В соседнем квартале – а может быть, это только показалось, что в соседнем – громыхнуло. Тревоги нет – значит, это от вчерашней тревоги. Говорят, фашисты сбрасывают магнитные мины замедленного действия. Ну, погодите…
Подошла к книжным полкам. «Милые вы мои друзья. Скоро мы с вами расстанемся. Подарите же в дорогу хорошие мысли».
Сколько написано о подвигах, о верности, о дружбе… Дружба – «нечто такое, чего недостает тебе…» Где ты сейчас, в какой землянке, так хорошо сказавший мне о дружбе? Но для меня в дружбе было и еще очень важное.

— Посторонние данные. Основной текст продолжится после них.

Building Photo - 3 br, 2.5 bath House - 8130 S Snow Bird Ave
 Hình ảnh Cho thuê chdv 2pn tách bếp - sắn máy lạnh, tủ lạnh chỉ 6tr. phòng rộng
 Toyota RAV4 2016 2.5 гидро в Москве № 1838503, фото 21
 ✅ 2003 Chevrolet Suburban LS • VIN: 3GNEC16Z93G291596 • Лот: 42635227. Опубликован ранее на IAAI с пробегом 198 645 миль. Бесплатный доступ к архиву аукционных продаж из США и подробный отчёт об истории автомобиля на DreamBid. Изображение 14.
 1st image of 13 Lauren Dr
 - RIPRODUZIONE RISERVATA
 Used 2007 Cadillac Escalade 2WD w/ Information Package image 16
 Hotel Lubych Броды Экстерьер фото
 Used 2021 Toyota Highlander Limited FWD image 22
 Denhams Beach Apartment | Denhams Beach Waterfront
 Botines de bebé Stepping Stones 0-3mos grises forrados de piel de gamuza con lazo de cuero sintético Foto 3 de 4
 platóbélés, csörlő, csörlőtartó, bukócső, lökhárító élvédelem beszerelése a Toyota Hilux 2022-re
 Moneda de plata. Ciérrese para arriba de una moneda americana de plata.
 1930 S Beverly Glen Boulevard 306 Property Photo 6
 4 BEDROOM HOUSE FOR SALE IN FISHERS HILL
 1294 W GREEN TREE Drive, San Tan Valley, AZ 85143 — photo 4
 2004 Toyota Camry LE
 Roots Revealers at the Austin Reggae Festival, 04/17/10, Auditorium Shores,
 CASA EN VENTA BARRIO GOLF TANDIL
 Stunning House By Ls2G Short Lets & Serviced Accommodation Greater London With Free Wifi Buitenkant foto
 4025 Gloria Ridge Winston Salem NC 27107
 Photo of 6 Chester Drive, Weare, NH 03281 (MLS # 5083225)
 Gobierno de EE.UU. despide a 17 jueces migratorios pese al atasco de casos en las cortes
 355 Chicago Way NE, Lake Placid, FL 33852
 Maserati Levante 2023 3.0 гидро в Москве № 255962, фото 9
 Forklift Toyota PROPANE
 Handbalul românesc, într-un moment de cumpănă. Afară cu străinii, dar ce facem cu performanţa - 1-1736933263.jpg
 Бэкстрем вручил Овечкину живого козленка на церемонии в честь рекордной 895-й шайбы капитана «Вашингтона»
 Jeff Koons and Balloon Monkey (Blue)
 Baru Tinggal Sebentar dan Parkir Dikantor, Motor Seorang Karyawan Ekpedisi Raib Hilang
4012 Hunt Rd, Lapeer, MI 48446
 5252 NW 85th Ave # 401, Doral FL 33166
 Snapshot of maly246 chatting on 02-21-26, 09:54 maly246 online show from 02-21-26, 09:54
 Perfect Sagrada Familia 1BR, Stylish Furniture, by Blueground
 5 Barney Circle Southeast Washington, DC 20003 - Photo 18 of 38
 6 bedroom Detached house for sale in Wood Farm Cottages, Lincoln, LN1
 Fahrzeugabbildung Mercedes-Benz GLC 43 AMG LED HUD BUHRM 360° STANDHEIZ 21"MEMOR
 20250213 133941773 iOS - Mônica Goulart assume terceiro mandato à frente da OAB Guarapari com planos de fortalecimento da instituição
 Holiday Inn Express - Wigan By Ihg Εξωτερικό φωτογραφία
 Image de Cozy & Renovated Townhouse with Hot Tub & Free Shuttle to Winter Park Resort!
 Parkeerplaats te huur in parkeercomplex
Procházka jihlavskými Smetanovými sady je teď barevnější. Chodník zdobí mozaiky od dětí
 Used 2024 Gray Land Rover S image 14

«Лучше ничего не сказать, чем сказать ничего».
«Слова неудобны именно тем, что у них очертания резче, чем у мысли».
Володя, ты поклялся, что мы еще встретимся. Где, когда?
И снова лекции. Тренировки за столом с пискливым зуммером. Бег в парке. Страшное чувство голода. Ужасающее известие: умер дед. Пять дней подряд приходила на Богословское кладбище рыть могилу. Мороз высушил слезы, свел скулы, впился каленой хваткой в руки. С похорон разошлись быстро, мать успела ей сунуть в руку два сухарика. Жевала их медленно, с расчетом, чтобы хватило до самого дома.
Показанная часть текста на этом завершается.